───── Data excerpts ─────

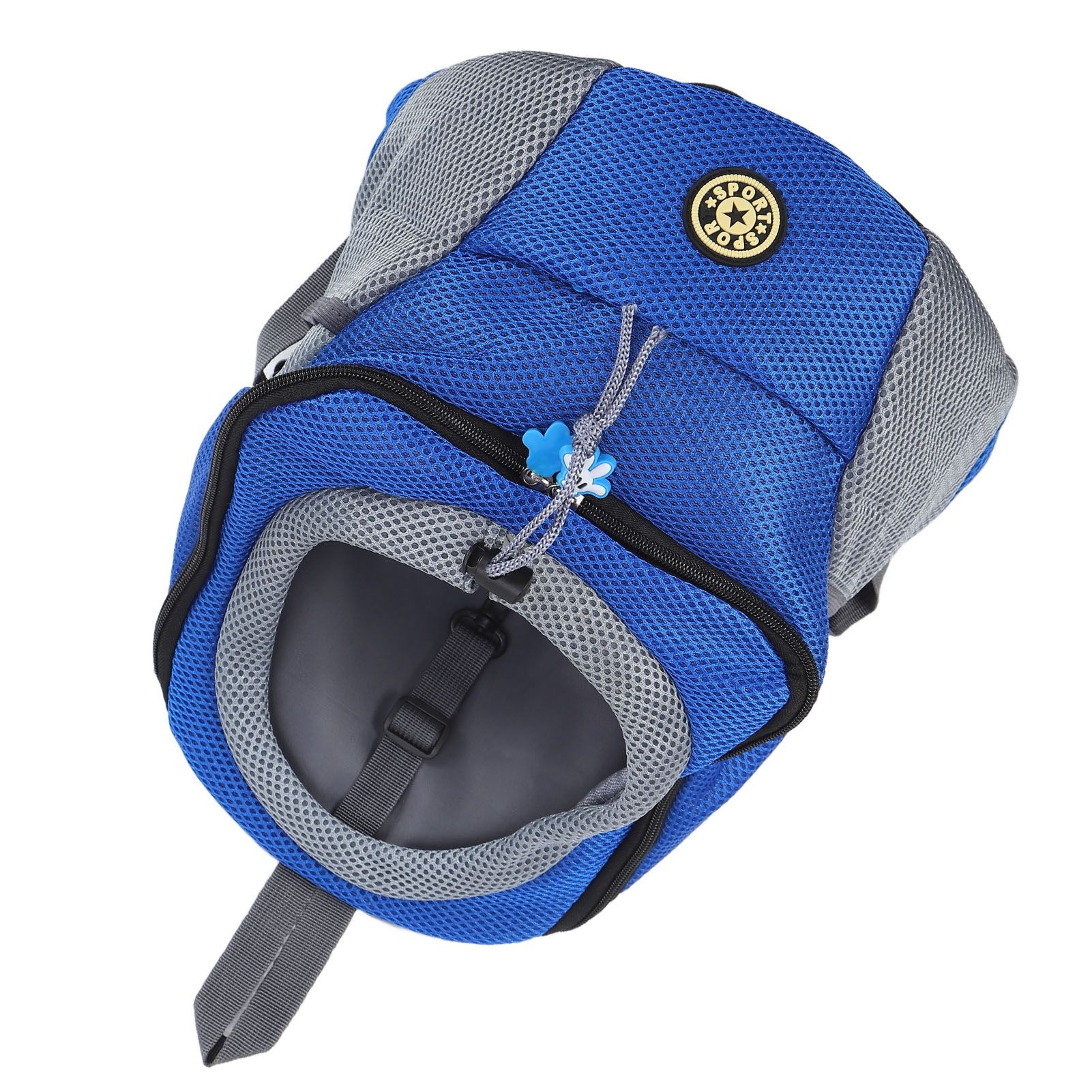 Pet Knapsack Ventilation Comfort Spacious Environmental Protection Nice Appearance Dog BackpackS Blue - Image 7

─────
───── Data excerpts ─────

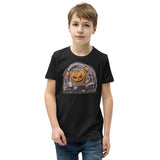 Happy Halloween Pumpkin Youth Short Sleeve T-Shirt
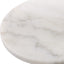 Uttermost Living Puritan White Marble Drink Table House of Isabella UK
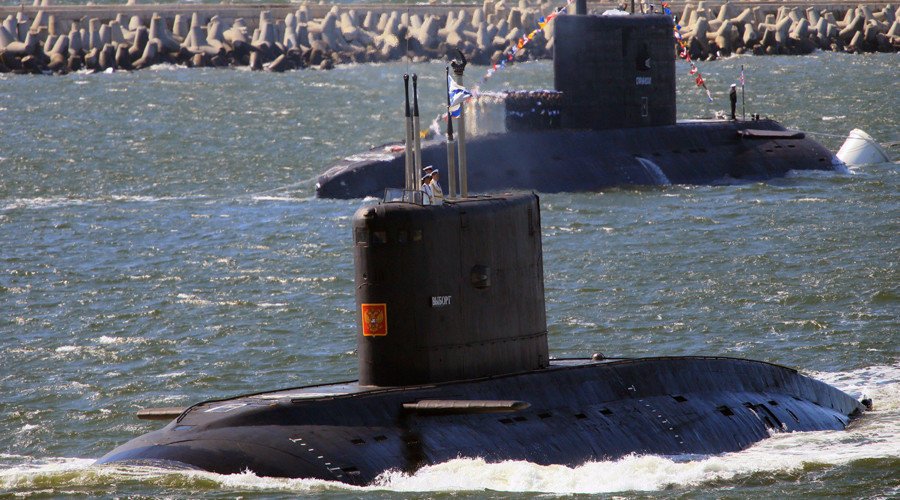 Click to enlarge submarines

─────

Retype, exactly and with no pictures, everything above from the line with "Happy Halloween Pumpkin" down to the line with "Click to enlarge submarines", both included.

== Reply to the task ==
 Happy Halloween Pumpkin Youth Short Sleeve T-Shirt
 Uttermost Living Puritan White Marble Drink Table House of Isabella UK
 Click to enlarge submarines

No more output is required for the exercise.